DOI: 10.1161/circ.148.suppl_1.17245 ISSN: 0009-7322

Abstract 17245: Statin Induced Necrotizing Autoimmune Myositis

Humail Patel, Michael Vaysblat, Suhwoo Bae, Andrew Flescher, Matthew Federbush
  • Physiology (medical)
  • Cardiology and Cardiovascular Medicine

Description of Case: A 64 year old female with hypertension, hyperlipidemia, and type 2 diabetes presented to the emergency room for 3-4 months of progressively worsening bilateral lower extremity weakness with associated edema, but without any reports of pain. The patient had significant impairments in her daily function and now required a cane to ambulate. The patient was found to have significantly impaired strength in the bilateral lower extremities with particular involvement of the proximal thigh muscles. The patient was noted to have a markedly elevated creatine phosphokinase (CPK) to 16,000 and a moderate transaminitis. The patient underwent evaluation with an MRI which revealed several areas of bilateral necrotizing myositis. The patient’s autoimmune markers were remarkable for a positive HMG-CoA reductase antibody and a diagnosis of statin induced necrotizing autoimmune myositis was made. The patient was started on pulse dose steroids without much improvement in her weakness and functional ability. The patient was therefore started on intravenous immunoglobulin with a rapid improvement in her symptoms. The patient was discharged on long term glucocorticoid therapy with appropriate prophylactic medications.

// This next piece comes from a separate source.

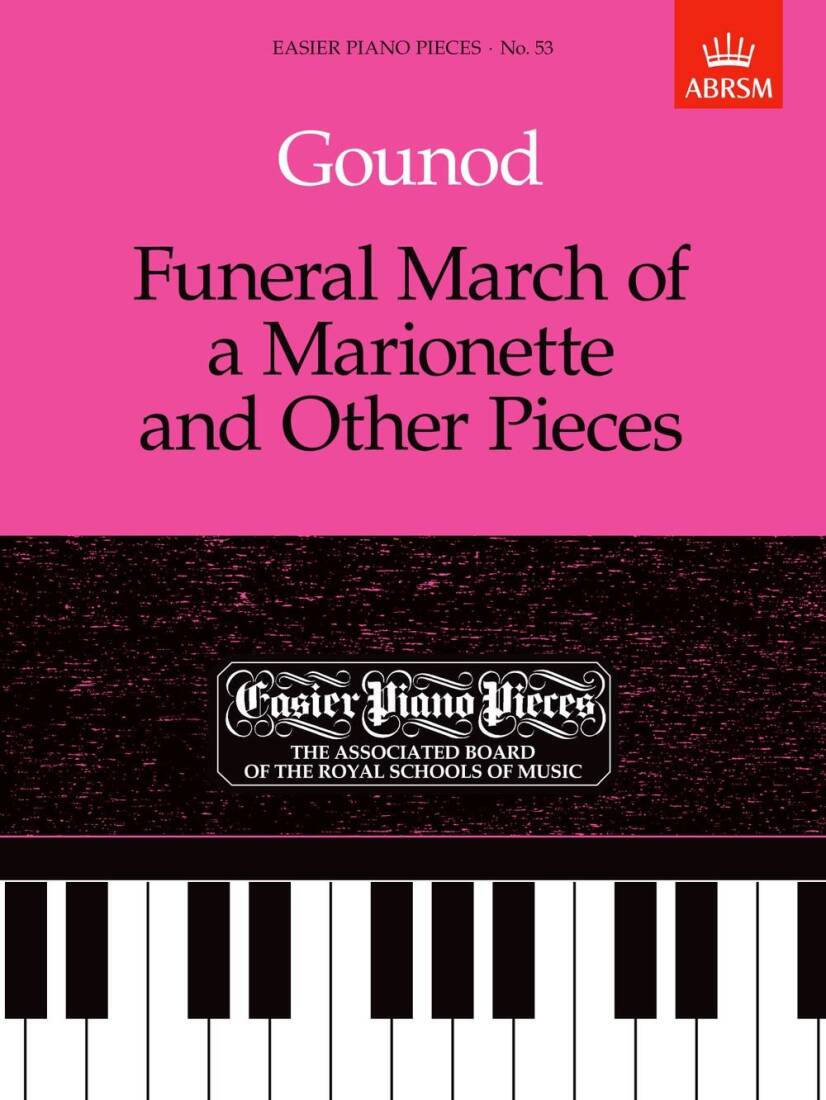 Funeral March of a Marionette and Other Pieces - Gounod - Piano - Book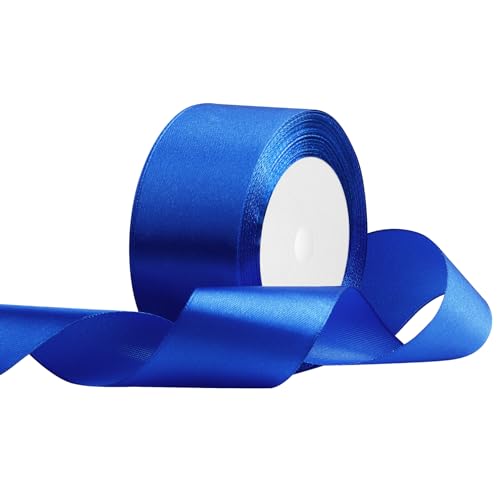 Satinband 40mm Breit Blau, 22 Meters Geschenkband Schleifenband Stoffband für Hochzeitsdekoration, Geschenkverpackung, Basteln, Party Deko Satinband 40mm Breit Blau, 22 Meters Geschenkband Schleifenband Stoffband für Hochzeitsdekoration, Geschenkverpackung, Basteln, Party Deko von OUTPGAGA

Discussion: Statin induced necrotizing autoimmune myositis (SINAM) is a very rare form of autoimmune myopathy that is characterized by rapidly progressive proximal muscle weakness along with other potential extramuscular manifestations in the setting of statin use. SINAM should be suspected in any patient on a statin, regardless of duration of treatment, who presents with proximal muscle weakness and a markedly elevated CPK, often > 1000. Treatment, like other forms of autoimmune myopathies, is often centered around immunomodulatory therapies such as high dose glucocorticoids, intravenous immunoglobulin, and long term immunosuppressants. Despite rapid initiation of aggressive treatment, severe forms of the disease have a high mortality as there may be involvement of the respiratory musculature leading to respiratory failure. Given the rarity of this condition, along with the variability in presentation related to the onset of statin therapy, diagnosis and treatment of this entity remains poorly understood.